The problem is: When I run the program standalone, everything works fine. When I run it in the profiler (Visual profiler or nvprof cmd line) the program crashes in a thrust::inclusive_scan operation with a cudaErrorIllegalAdress error. The crash happens always in the profiler and always at the same position. Furthermore, I have multiple Iterations like:
void foo(){ cudaProfilerStart();
for(...){//...
thrust::inclusive_scan(...);//...
}
cudaProfilerStop();
}
for(...) foo();
The crash always happens on the first call to inclusive_scan in the 2nd iteration.
I'm cusing CUDA 6.5 on Win7 with a Quadro K5000.
Any ideas what can cause this or how to narrow it down? Maybe a way to get the adress of the failed access? cuda-memcheck cannot be used with nvprof AFAIK(?)

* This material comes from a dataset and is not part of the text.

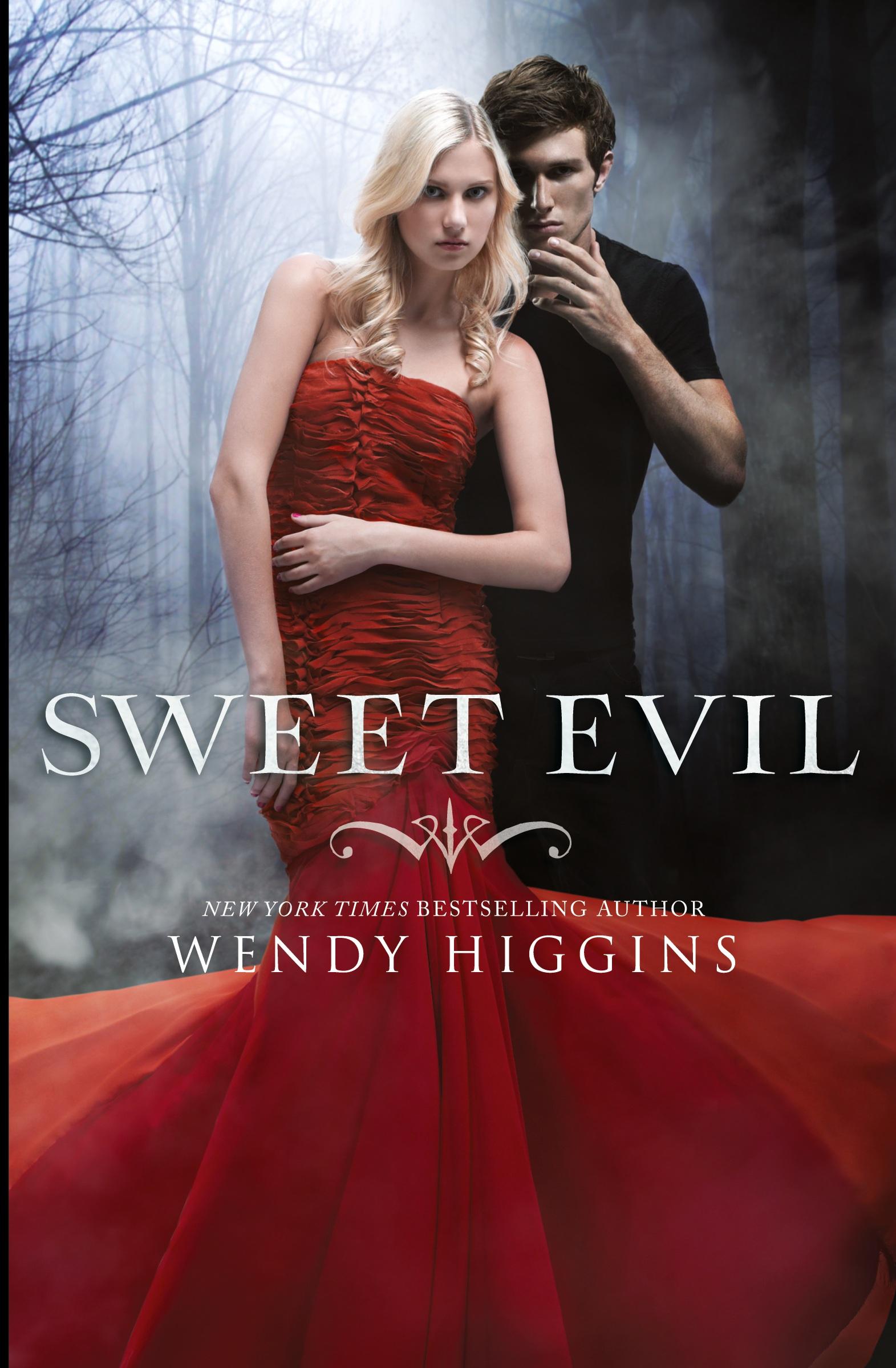 Cover: 9780062085610 | Sweet Evil | Wendy Higgins | Taschenbuch | Kartoniert / Broschiert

If I remove the calls to cudaProfilerStart/Stop it seems to work ok. Strange enough, it DID work today morning with them although I did not introduce any changes (did some code editing but reverted everything via git) Also the behaviour does not change if I disable/enable profile-from-start (with cudaProfilerStart/Stop in place)
Minimal working example:
#include "cuda_runtime.h"
#include "device_launch_parameters.h"
#include <stdio.h>
#include <thrust/device_vector.h>
#include <cuda_profiler_api.h>
void foo(){
thrust::device_vector<int> d_in(100), d_out(100);
thrust::inclusive_scan(d_in.begin(), d_in.end(), d_out.begin());
cudaError_t res = cudaDeviceSynchronize();
std::cout << cudaGetErrorString(res) << std::endl;
}
int main(){
cudaProfilerStart();
foo();
cudaProfilerStop();
foo(); // Crash here
cudaDeviceReset();
return 0;
}
Some more scenarios:
Start(); foo(); Stop(); foo() crash
Start(); foo(); Stop(); Start(); foo() OK
Start(); foo(); Stop(); any_other_kernel(); Start(); foo() crash
This behaviour appears to be due to a limitation in the CUDA 7.0 and earlier profiler system. A fix will be available in the CUDA 7.5 release toolkit.
[This answer has been assembled from comments and added as a community wiki entry to get the question off the unanswered queue]